Na trama de época, Maria optou por ter a filha sozinha. Bianca já viveu o outro lado da moeda, quando Fátima, seu papel na novela ‘Passione’ (2010), ficou entre a vida e a morte depois de interromper uma gravidez. Sobre o assunto, a artista se declara favorável. “Eu sou a favor da legalização do aborto. Meu corpo, minhas regras. A pessoa é livre para fazer o que quiser. Eu não faria, não tem por quê. Sempre desejei ser mãe. Sou a favor do controle da saúde. Tudo o que é legalizado é controlado”, opina.

Bianca, que na produção é discriminada por não seguir o modelo da família tradicional, não fica em cima do muro com relação a opressão que a mulher é submetida ainda hoje. Cantadas, ela reage mal: “Não gosto de grosseria, falta de educação. Estufo o peito e enfrento. Depois me arrependo, óbvio, porque a gente não ganha nada no grito.”

Casada há cinco anos com o ator Pedro Brandão, ela não cede à pressão para engravidar logo: “Tenho 25 anos, penso em ser mãe com 30. Eu e Pedro temos que aproveitar o casamento, viajar, estudar, para depois pensar em filho, que é para a vida toda.”

O casal formou par romântico no início da história de Walcyr Carrasco. Sem fazer tipo, Bianca admite que não é nada agradável ver o marido em cenas de intimidade. “Quando eu vi o Pedro beijando um peito num curta-metragem, eu não gostei. Foi horrível. É desconfortável ver meu marido com outra mulher. Ele também me vê todo dia beijando a boca de outro. Não dá para negar, é natural sentir ciúme, mas a gente segura a onda e não pira. É tudo muito profissional.”

A atriz divide a cena com Rainer Cadete (Celso) na trama das 18hPaulo Belote / TV Globo



Com relação à nudez, Bianca não se intimida. “Amo andar pelada em casa, se pudesse andava na rua. O teatro tira esse pudor com o corpo e a sexualidade. Quebra esse tabu. Eu me sinto livre”, frisa a artista, que acaba de negar proposta da ‘Playboy’ para posar nua: “Eles me convidaram esta semana para fazer uma capa. Recusei. Não me sinto à vontade agora.”

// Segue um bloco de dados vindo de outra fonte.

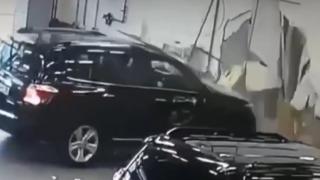 Fren yerine gaza bastı, ofise daldı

Discreta, Bianca não se ilude com o glamour da profissão. “Eu não me perco. Sou muito reclusa, não sou de festas. Minha vida é simples. Troco qualquer programa por um vinho com amigos em casa. Não me deixo deslumbrar. Trabalho não é o mais importante para mim. Saúde e família são as minhas prioridades.”

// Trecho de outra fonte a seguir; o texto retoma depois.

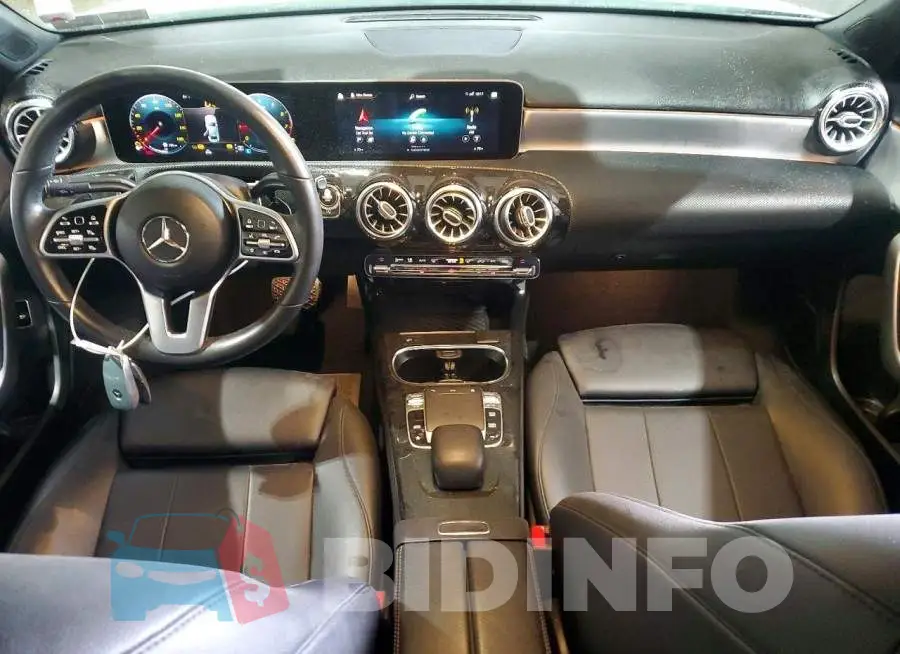 WDD3G4FB8KW024237 Photo# 8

Bianca em ensaio sensual para a revista ‘Vip’ Edu Castello / Revista VIP


Aos 16 anos, a atriz saiu de casa, em Jundiaí, São Paulo, para se dedicar ao teatro na capital. Passou a estudar em escola pública e andou muito de ônibus: “Amadureci rápido. Tinha que lavar roupa, pagar as contas... O tempo foi me deixando medrosa. Quando a gente é mais jovem, não tem noção do perigo, é sonhador. Eu era muito jeca, inocente. Fui inconsequente, corajosos foram os meus pais. Graças a Deus, deu tudo certo, mas quando me coloco no lugar deles me questiono se daria esse voto de confiança para o meu filho.”

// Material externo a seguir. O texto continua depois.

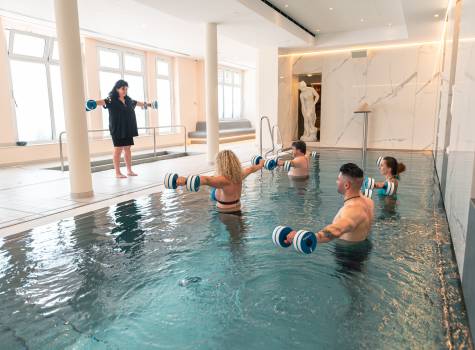 Hotel Nový Dům - cvičení v bazénu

O fato de ser bem-sucedida na carreira não a impede de fazer uma boa faxina em casa. Bianca é do lar, não por submissão, mas por escolha: “Limpo, cozinho, sei fazer de tudo. A diarista vai só uma vez por semana. Eu poderia tê-la mais vezes, mas eu gosto de cuidar da minha casa. Não acho legal ter gente de fora o tempo todo, tira a liberdade do casal.”

Surpresa com a repercussão de Maria e Celso (Rainer Cadete), Bianca leva fé na redenção do “fanfarrão, mentiroso” pela paixão que ele sente pela doméstica: “Acredito que o amor é transformador, que é capaz de tudo, não só em novela.” Ela só recusa comparações, e nega que tenha ocupado o lugar de Débora Nascimento (Filó) como a mocinha da história. “Não concordo. Elogiem o meu trabalho, não me comparem a ninguém. É muito chato isso. Até para fazer um elogio fazem na comparação, denegrindo o trabalho da minha colega, que é lindo e bem feito”, desabafa a atriz.